Your answer must be a word-for-word copy of the listing below, minus its pictures.

## Supplied data
....................
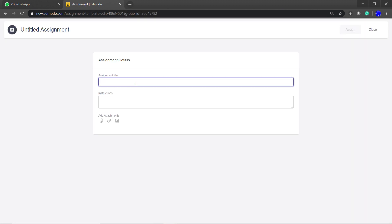You give your assignment a title. So let me see what I said: Internet Safety Crossword Puzzle Instructions.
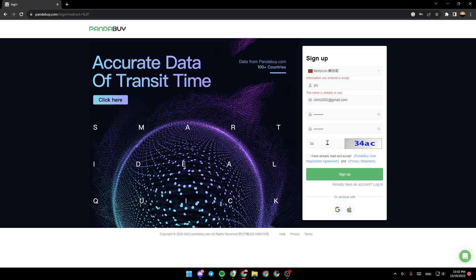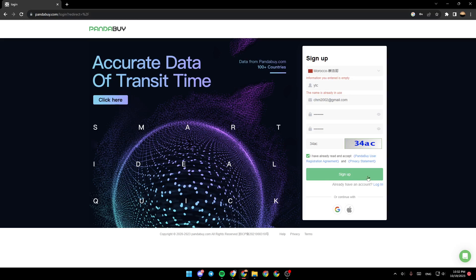To prove that you are a human, right here you can click on I have already read and accept the Panda Buy user registration agreement and privacy statement. Then click on sign up and just wait for it to load.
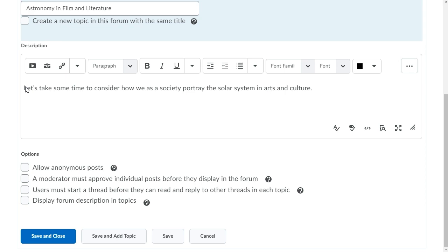In this example, we want to ensure that learners post an original comment before they can reply. Therefore, we will check users must start a thread before they can read and reply to other threads in each topic.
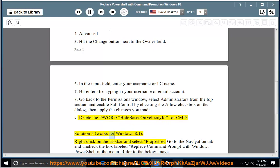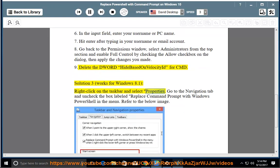Solution 3 — Works for Windows 8.1: Right-click on the taskbar and select Properties. Go to the Navigation tab and uncheck the box labeled 'Replace Command Prompt with Windows PowerShell in the menu.' Refer to the image shown below.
....................
## Response to this exercise
You give your assignment a title. So let me see what I said: Internet Safety Crossword Puzzle Instructions.
To prove that you are a human, right here you can click on I have already read and accept the Panda Buy user registration agreement and privacy statement. Then click on sign up and just wait for it to load.
In this example, we want to ensure that learners post an original comment before they can reply. Therefore, we will check users must start a thread before they can read and reply to other threads in each topic.
Solution 3 — Works for Windows 8.1: Right-click on the taskbar and select Properties. Go to the Navigation tab and uncheck the box labeled 'Replace Command Prompt with Windows PowerShell in the menu.' Refer to the image shown below.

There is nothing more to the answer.